DATA EXTRACTS:

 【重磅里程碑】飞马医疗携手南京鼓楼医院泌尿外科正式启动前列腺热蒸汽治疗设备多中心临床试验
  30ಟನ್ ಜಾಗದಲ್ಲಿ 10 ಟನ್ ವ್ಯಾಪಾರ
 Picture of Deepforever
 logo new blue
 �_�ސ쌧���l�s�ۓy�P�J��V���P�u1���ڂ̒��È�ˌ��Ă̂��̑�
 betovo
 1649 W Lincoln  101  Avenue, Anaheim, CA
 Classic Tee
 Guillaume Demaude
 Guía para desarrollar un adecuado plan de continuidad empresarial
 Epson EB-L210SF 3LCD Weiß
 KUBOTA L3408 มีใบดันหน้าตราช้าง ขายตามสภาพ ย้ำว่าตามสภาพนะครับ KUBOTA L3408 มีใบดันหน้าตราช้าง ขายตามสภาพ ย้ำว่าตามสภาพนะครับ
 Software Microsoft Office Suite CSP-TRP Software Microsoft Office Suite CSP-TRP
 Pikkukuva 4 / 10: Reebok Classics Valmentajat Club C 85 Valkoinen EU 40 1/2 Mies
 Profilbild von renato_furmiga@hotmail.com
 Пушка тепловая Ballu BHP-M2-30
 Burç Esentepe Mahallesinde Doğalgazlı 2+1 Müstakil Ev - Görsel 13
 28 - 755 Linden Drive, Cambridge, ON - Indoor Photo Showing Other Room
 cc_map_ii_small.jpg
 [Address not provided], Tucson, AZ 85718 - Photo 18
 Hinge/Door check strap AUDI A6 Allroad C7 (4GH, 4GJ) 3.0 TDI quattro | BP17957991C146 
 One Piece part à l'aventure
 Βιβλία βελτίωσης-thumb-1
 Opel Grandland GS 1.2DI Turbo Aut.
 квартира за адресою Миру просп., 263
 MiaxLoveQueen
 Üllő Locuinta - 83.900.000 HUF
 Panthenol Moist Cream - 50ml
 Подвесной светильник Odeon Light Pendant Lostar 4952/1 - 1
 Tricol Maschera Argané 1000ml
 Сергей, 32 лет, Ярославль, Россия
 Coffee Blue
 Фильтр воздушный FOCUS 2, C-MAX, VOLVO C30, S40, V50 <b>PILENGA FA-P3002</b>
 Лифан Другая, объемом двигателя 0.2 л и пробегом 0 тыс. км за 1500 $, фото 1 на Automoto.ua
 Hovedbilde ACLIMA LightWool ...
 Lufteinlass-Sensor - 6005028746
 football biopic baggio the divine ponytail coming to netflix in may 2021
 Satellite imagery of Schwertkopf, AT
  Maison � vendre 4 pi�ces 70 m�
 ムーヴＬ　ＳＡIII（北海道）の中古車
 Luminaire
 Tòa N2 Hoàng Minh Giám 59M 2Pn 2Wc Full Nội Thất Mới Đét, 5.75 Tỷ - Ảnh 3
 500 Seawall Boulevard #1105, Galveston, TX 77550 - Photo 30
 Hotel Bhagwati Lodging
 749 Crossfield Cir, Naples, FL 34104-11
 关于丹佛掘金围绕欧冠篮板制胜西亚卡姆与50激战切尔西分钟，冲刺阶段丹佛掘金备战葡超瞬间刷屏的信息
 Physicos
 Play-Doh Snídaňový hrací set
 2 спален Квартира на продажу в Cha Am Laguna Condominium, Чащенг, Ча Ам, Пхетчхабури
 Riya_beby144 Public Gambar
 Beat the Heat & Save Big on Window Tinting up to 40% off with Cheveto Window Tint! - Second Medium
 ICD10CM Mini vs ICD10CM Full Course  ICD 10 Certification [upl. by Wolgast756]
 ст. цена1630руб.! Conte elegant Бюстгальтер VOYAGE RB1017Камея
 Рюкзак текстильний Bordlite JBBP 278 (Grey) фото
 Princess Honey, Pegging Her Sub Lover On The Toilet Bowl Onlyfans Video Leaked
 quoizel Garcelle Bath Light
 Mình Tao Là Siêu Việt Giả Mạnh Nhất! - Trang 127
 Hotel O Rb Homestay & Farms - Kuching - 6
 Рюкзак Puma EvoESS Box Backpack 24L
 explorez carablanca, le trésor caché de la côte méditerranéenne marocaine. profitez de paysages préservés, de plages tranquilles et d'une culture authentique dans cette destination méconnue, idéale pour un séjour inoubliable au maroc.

TASK REQUIREMENTS: Lines holding "фото" in the data above: copy each of them.

THE COMPLETED TASK:
 Лифан Другая, объемом двигателя 0.2 л и пробегом 0 тыс. км за 1500 $, фото 1 на Automoto.ua
 Рюкзак текстильний Bordlite JBBP 278 (Grey) фото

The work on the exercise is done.